What are your key goals, short and long term, as you take on the role of CEO at NESS Super?

Short-term goals: Build on the great work that has already been achieved and make NESS Super the most customer centric fund it can possibly be.

Longer-term goals: To ensure that the NESS organisation is prepared for whatever challenges the future throws at us.

What do you feel has been the most significant change to the superannuation industry during your career that has benefited members?

Getting SG to 9.5% has benefited members but more is needed. To fully fund a retirement, 15% is necessary, especially for those on lower incomes. I would like to see life-time caps introduced, especially for those with broken work patterns.

How do you see the superannuation industry evolving over the next five years?

I think that with the weight of money coming in, we will see many more entrants attracted to the industry. The challenge for all is to ensure that we, as an industry, do not drop our standards in terms of governance, member based outcomes and overall security of money for members retirements. I think that we will also see fewer funds (but also much larger funds) but roles for all different types of funds, provided they are managed correctly. Quality of management/service and value for money are going to be key differentiators

What achievement are you most proud of during your tenure as CEO of Club Plus Super (CPS)?

When I left CPS our net promoter score (NPS) had risen from 40%, when I started, to 84% when I finished which I understand is industry leading. Insourcing our contact centre is something that I took great pride in, as the benefits far outweighed the difficulties. Finally, the overall value for money generated by running a low-cost fund with good returns is, to me, what industry funds are all about.

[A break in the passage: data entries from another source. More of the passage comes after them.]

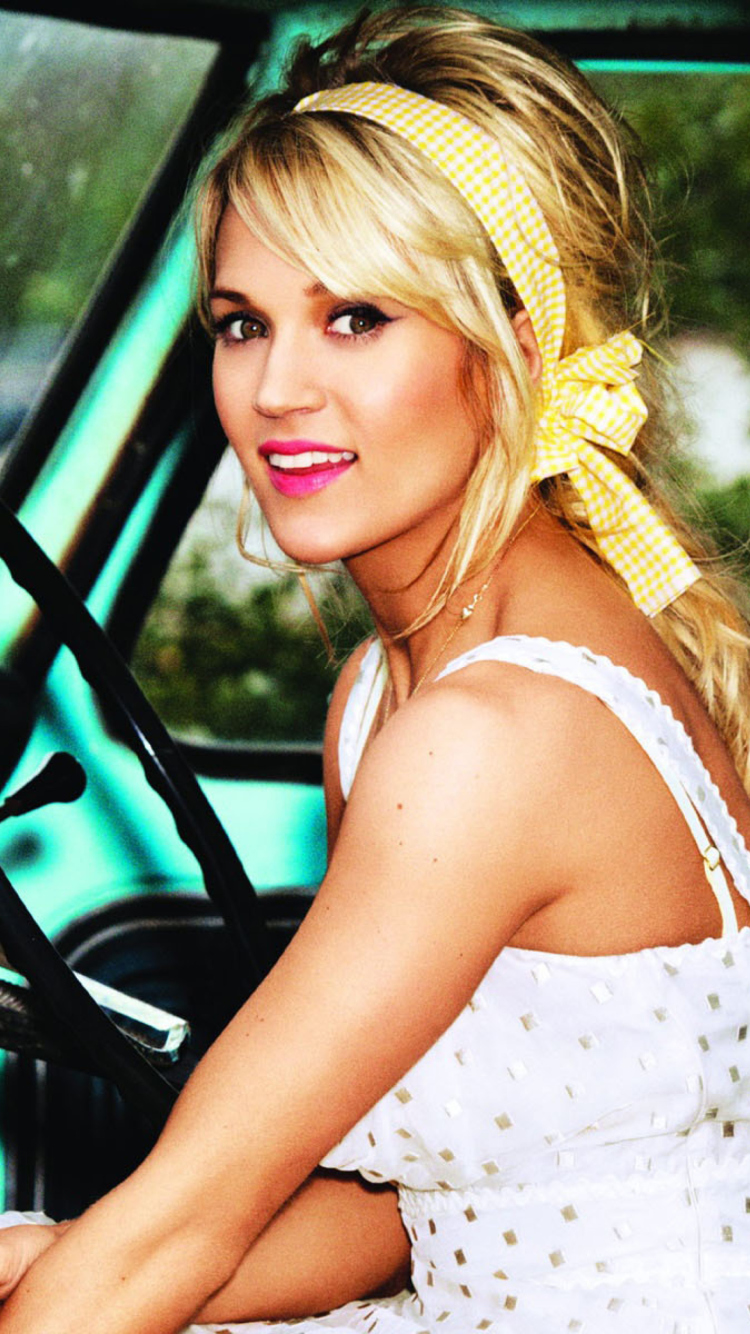 Fondo de pantalla Carrie Underwood American Country Singer 750x1334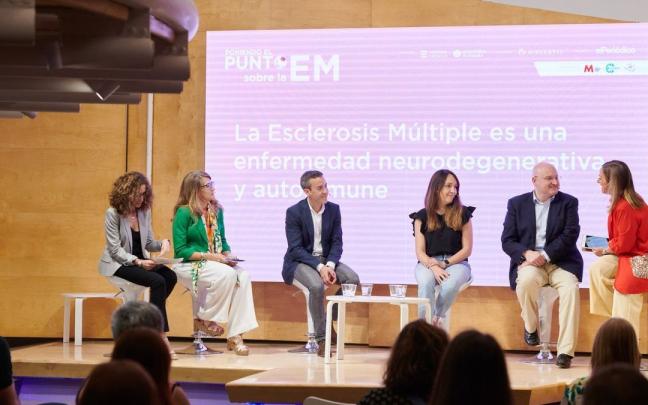 Mª Ángeles Gómez Mateos, Paloma Casado, Pedro Carrascal, Beatriz del Río, Miguel Ángel Llaneza y Fátima Iglesias, durante el coloquio sobre la esclerosis múltiple. Mª Ángeles Gómez Mateos, Paloma Casado, Pedro Carrascal, Beatriz del Río, Miguel Ángel Llaneza y Fátima Iglesias, durante el coloquio sobre la esclerosis múltiple.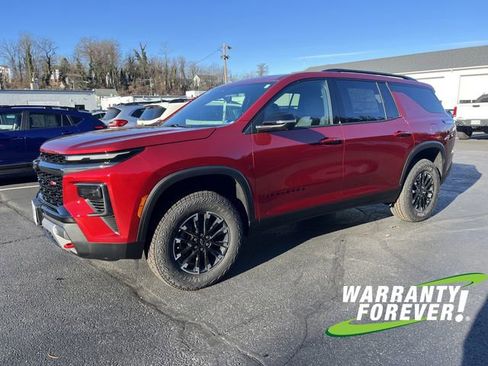 New 2026 Chevrolet Traverse Z71 w/ Driver Confidence Package image 3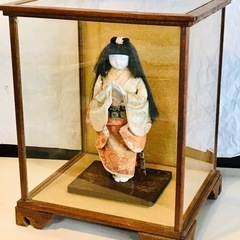 無料！　レトロな日本人形　ガラスケース付き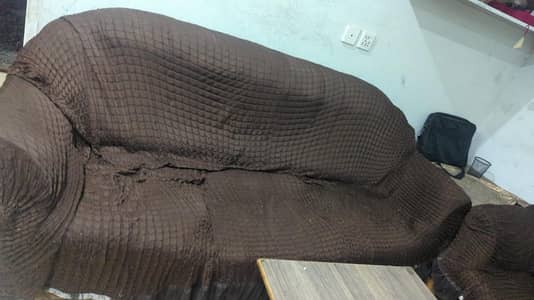 Three seater cover lose showing for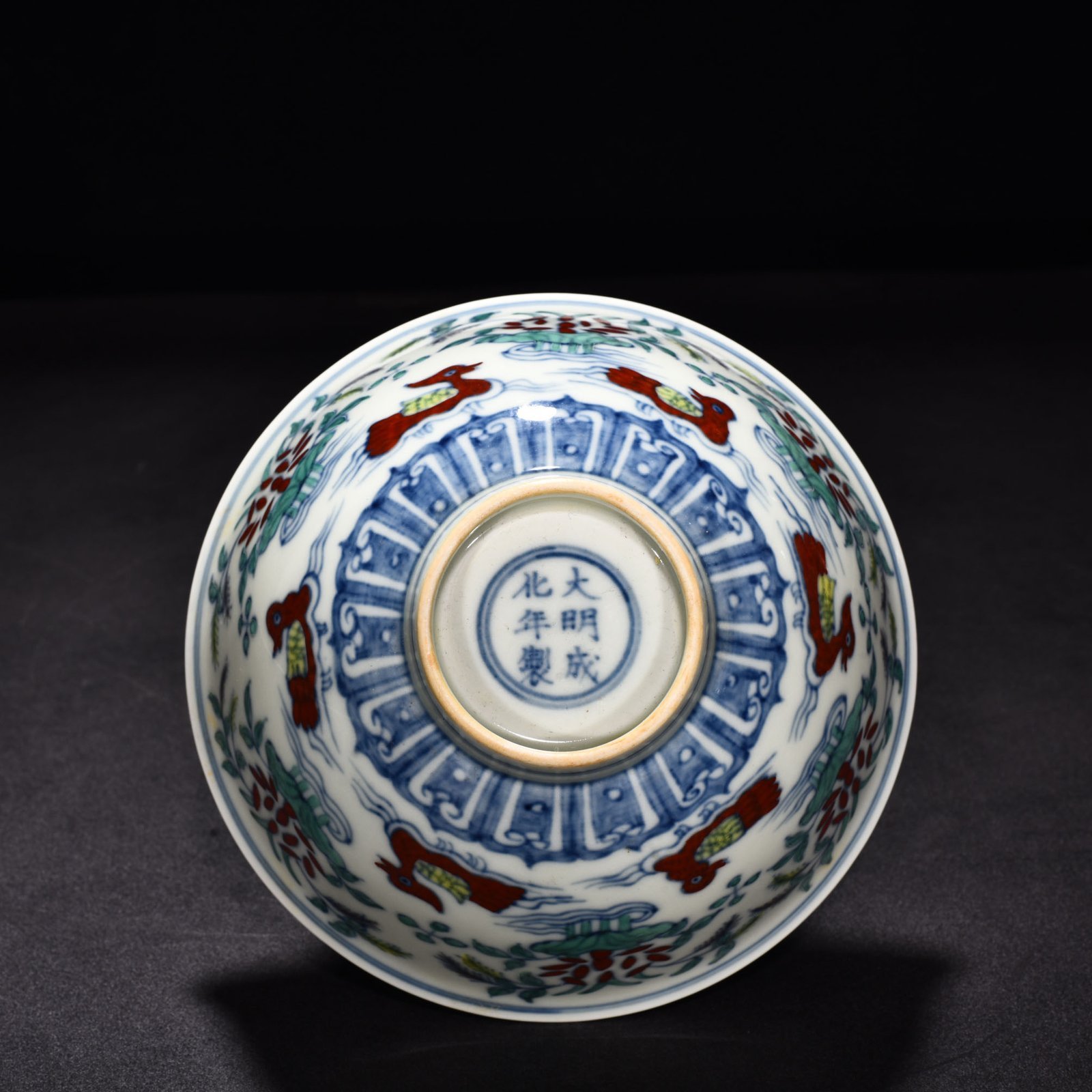 Ming Dynasty Chenghua Lotus Pond Palace-style bowl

What was the biggest challenge you faced when working as CEO of Concept One during its merger with WA Super?

I live in Sydney; Concept One is located in Perth. Virgin sent me a fruit basket at Christmas. The number of flights and the travel was a challenge but working with good Boards and people (Ken Evans Chair, Concept One and Fabian Ross CEO, WA Super) who put the requirements of the membership before their own personal needs made it very enjoyable and personally fulfilling.

When you first left Club Plus Super in January 2017, you mentioned that you might take on some postgraduate studies. Did you manage to do so before taking on your new role?

I did get some study done and completed two short courses on data based decision making and aquaculture. I have an interest in both fields. I also majored in picking the kids up after school which was far more complex.

"Whatever role you under take on in the industry, make the organisation better for you being there."

Do you have an industry mentor or someone that has influenced your career in some way?

There are a range of people who have mentored me, and some that still do. I won’t call out those who currently do out of respect, they know who they are.

The one person who I will give a special mention to is the late Chairman of AMIST. This is where I started my career. Kevin Cottrill, who died recently, was an old-school accountant who taught me that cost was the most important component in business. The reason I am able to run low cost organisations is because I learned from a past master of cost control. Kevin was very much a ‘behind the scene’ person who placed importance on personal relationships.

What advice would you offer to an industry newcomer?

Whatever role you under take on in the industry, make the organisation better for you being there. Superannuation is one of the most important aspects of a person’s life, both when they start working and when they finish. Respect this fact and understand that many people had to fight to get the superannuation industry to where it is today.

What was your very first job?

My very first job was working in a hardware store in Canberra. My job was to carry all the heavy items out to customers cars (bags of cement, fertiliser etc). I suspect that this is the reason that I now like to do the heavy lifting in roles that I take on.

If you weren’t working in the finance industry, what would you like to be doing?

I suspect if my career path early in life didn’t take me into finance, I would have been a plumber or a builder. If I wasn’t doing what I’m doing today, I think I might be out farming fish.